Makom Community: A Lab School

Welcome to 5784/2023-2024 Jewish Enrichment year at Makom Community! We are so excited to welcome your whole family back to our Sansom Street Lab School and to our community! For those of you who read our writing with a fine tooth comb, you may have noticed we have been referring to our Jewish Enrichment program as a Lab School. For those of you who are more skimmers (I am one of those), I wanted to take the time before we officially jump into another year of learning and community together to share about what Makom Community being a Lab School means.

As a parent, Makom gives my children the gift of being builders of community, even at 8 and 5 years old. Makom provides my family with a joyful, radically inclusive community where I am thrilled my children have many safe and loving adults who are there for them! Being intentional learners, builders of community, and collaborative problem solvers means that kiddos are part of large and small experiments every day. They are experimenting on how to apply their learning to relationships, to ask for help, and to assess what is working or not. This is also how we help kids to see themselves as interpreters of Torah, linking us to the past and building the future we want to see. Each of us is a part of the progress of Jewish tradition and wisdom. 

Growing up in our Lab School focuses this gift on intentional experiments.

This year, we have added an Educator & Researcher role to our team, Olivia Hacker-Keating. (Olivia is entering her third year as an educator at Makom Community and we are so thrilled she is in this position!) With the addition of this role, we are engaging in serious, regular, action research. A significant piece of what drew us to action research is coming to understand ourselves as practitioner-researchers. In many spaces of research there is one group that does research and another group that implements the findings. At our Lab School, Olivia will work closely with Gaby Marantz (Assistant Director of Teacher Education), Amanda Hollander (Director of Teaching and Learning), and me (Executive Director and Founder) to look closely at what makes Jewish Placemaking, our unique pedagogy, such a force for creating meaningful and durable experiences of Jewish Education. 

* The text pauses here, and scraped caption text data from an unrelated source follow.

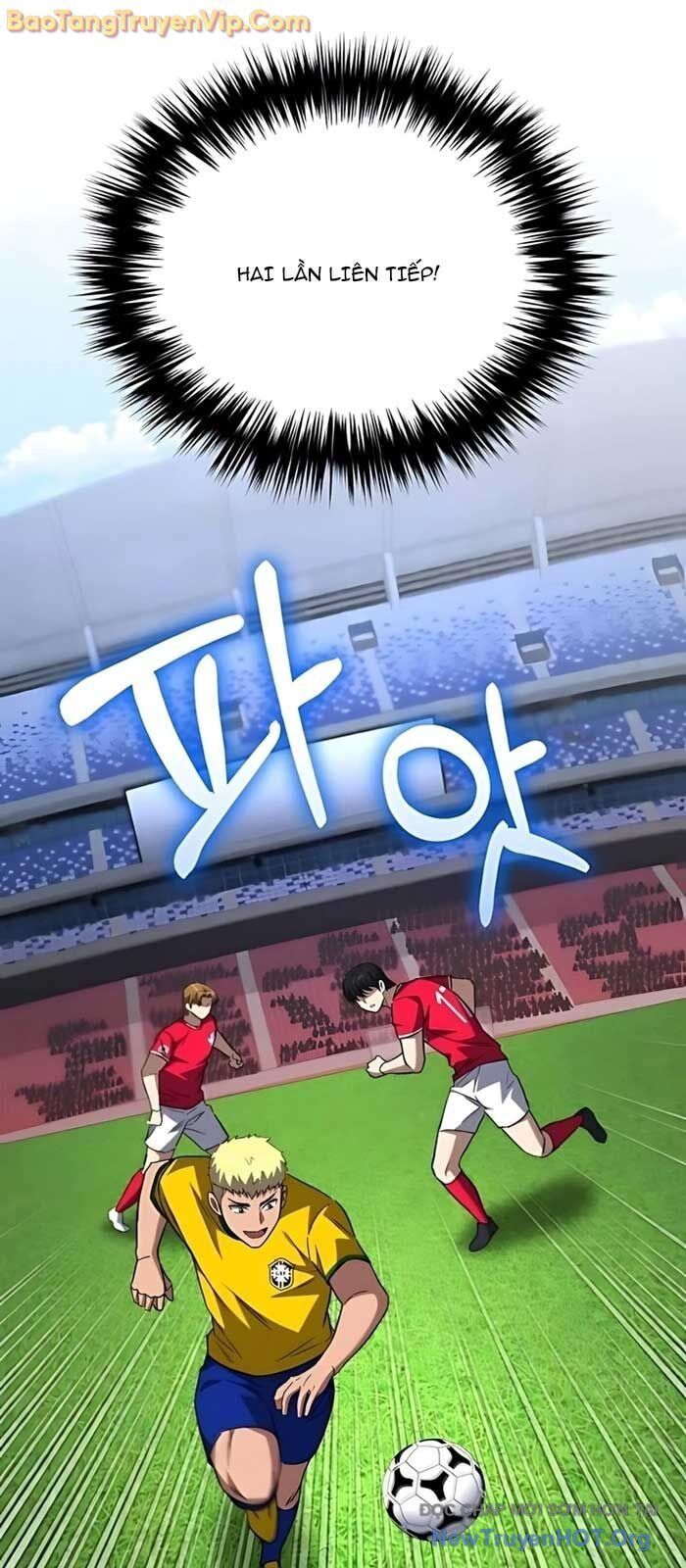Đường Chuyền Đặc Biệt Của Tiền Vệ Thiên Tài Chap 12 - Next Chap 13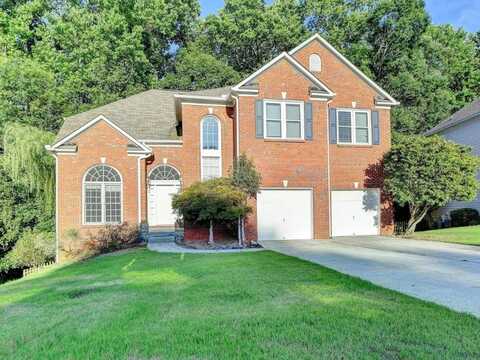 455 Morning Creek Lane, Suwanee, GA 30024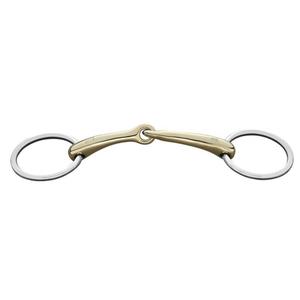 6402151-mors-de-bride-pour-cheval-sprenger-dynamic-rs-argente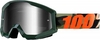 100 Percent Strata Huntitistan S18,  goggles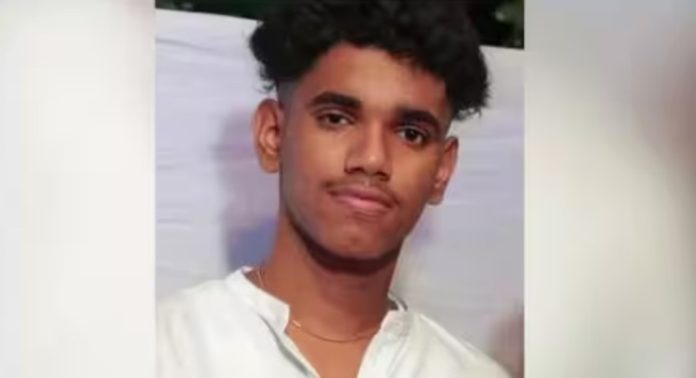 വടകര ലോകാനാര്കാവിലെ വലിയ ചിറയില് നീന്താനിറങ്ങിയ വിദ്യാര്ത്ഥി മുങ്ങി മരിച്ചു വടകര ലോകാനാര്കാവിലെ വലിയ ചിറയില് നീന്താനിറങ്ങിയ വിദ്യാര്ത്ഥി മുങ്ങി മരിച്ചു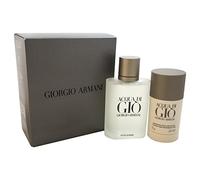 Armani Acqua Di Gio Pour Homme Set Regalo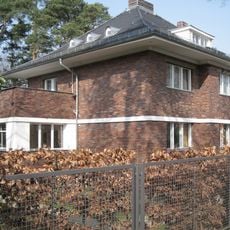 Wohnhaus Gelfertstraße 15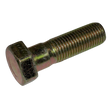 Part Number 2301233570 Screw, Hexagonal Cap fits Haulotte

Your learners also get to play a significant role in how we develop these strategies. Ultimately, you can expect that this attention to reflection will become part of their classroom practice, too. Learners might give feedback by filling out (in written or drawn form) an end of day reflection that tells us about how a particular experience or strategy worked for them. Or they might deposit a marble into a jar that matches how they felt about the learning that day. I don’t expect that this will feel significantly different to our learners from previous years at Makom since they have always engaged in regular feedback and reflection processes with our educators. 

The action research process will follow this cycle:

Stage 1

  • Develop tools and interventions that will first be tested in our Shorashim (1st-2nd grade) classroom
  • Collect data on how they worked
  • Adjust the intervention based on feedback from that first round of implementation 

Stage 2 

  • Olivia and Gaby to teach that tool to the educators leading our other three classrooms 
  • The whole Lab School will implement that tool or intervention and collect data on how it worked
  • Adjust the intervention again as well as share what would have been helpful for them in learning to use that resource for Jewish Placemaking

Stage 3

  • Adjust both the intervention itself AND how we taught it
  • Offer it to our Makom Making partners, our branch of Makom Community where we enhance the field of Jewish Education across the country.

Our Makom Making partners are passionate Jewish educators who work at camps, congregations, and Jewish Day Schools who are exploring how to create a Jewish parenting community where learners are looking to deepen their educational community.  These educators bring best practices strategies of Makom Community into their spaces of learning to support their own unique visions for Jewish Education. 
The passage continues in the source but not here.